Docker docs:
Docker routes container traffic in the nat table, which means that packets are diverted before it reaches the INPUT and OUTPUT chains that ufw uses. Packets are routed before the firewall rules can be applied, effectively ignoring your firewall configuration.
If I had a nickel for every database I’ve lost because I let docker broadcast its port on 0.0.0.0 I’d have about 35¢
How though? A database in Docker generally doesn’t need any exposed ports, which means no ports open in UFW either.
I exposed them because I used the container for local development too. I just kept reseeding every time it got hacked before I figured I should actually look into security.
Where are you working that your local machine is regularly exposed to malicious traffic?
My use case was run a mongodb container on my local, while I run my FE+BE with fast live-reloading outside of a container. Then package it all up in services for docker compose on the remote.
Ok… but that doesn’t answer my question. Where are you physically when you’re working on this that people are attacking exposed ports? I’m either at home or in the office, and in either case there’s an external firewall between me and any assholes who want to exploit exposed ports. Are your roommates or coworkers those kinds of assholes?
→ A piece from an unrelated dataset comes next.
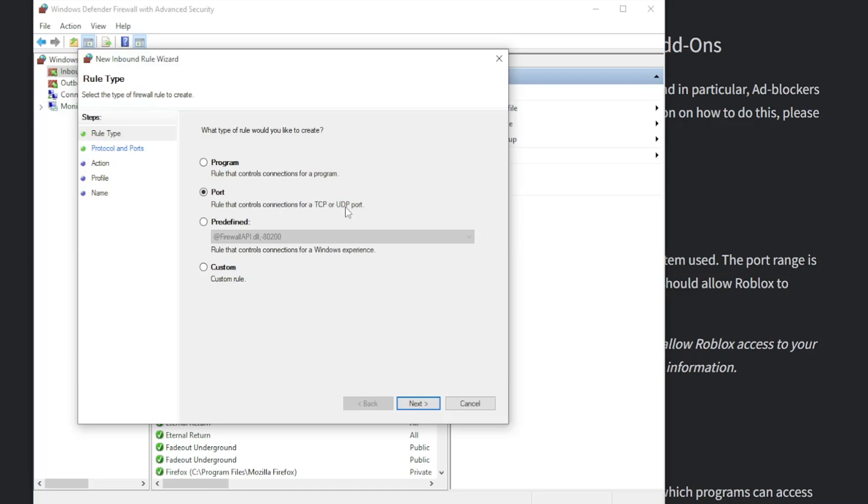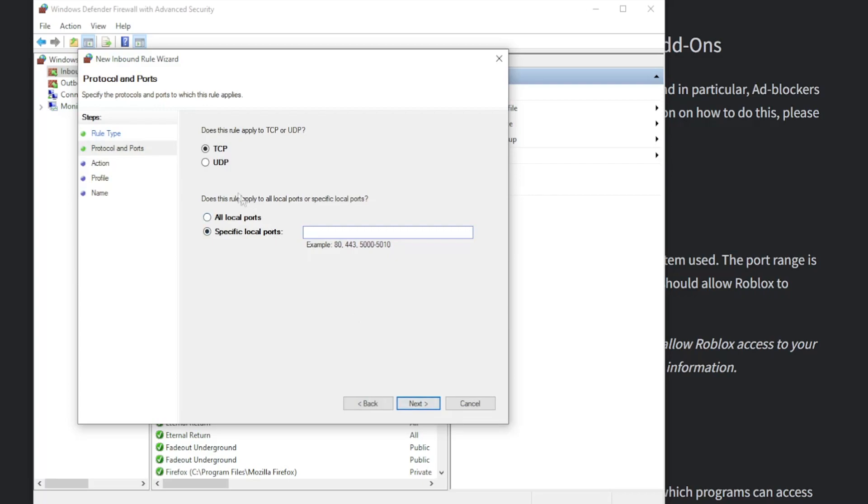If you remember correctly, we have UDP where we set up a UDP port. So here click on next, again select this UDP and as for the specific local ports, you simply have to paste this code right here that we copied. Simply paste it and click on next.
Or are you sitting in a coffee shop or something?
This was on a VPS (remote) where I didn’t realise Docker was even capable of punching through UFW. I assumed (incorrectly) that if a port wasn’t reversed proxied in my nginx config, then it would remain on localhost only.
Just run
docker run -p 27017:27017 mongo:lateston a VPS and check the default collections after a few hours and you’ll likely find they’re replaced with a ransom message.
This was a large part of the reason I switched to rootless podman for everything
It’s my understanding that docker uses a lot of fuckery and hackery to do what they do. And IME they don’t seem to care if it breaks things.
I DIDNT KNOW THAT! WOW, this puts “not to use network_mode: host” another level.
Somehow I think that’s on ufw not docker. A firewall shouldn’t depend on applications playing by their rules.
ufw just manages iptables rules, if docker overrides those it’s on them IMO
Feels weird that an application is allowed to override iptables though. I get that when it’s installed with root everything’s off the table, but still…
Linux lets you do whatever you want and that’s a side effect of it, there’s nothing preventing an app from messing with things it shouldn’t.
It is decidedly weird, and it’s something docker handles very poorly.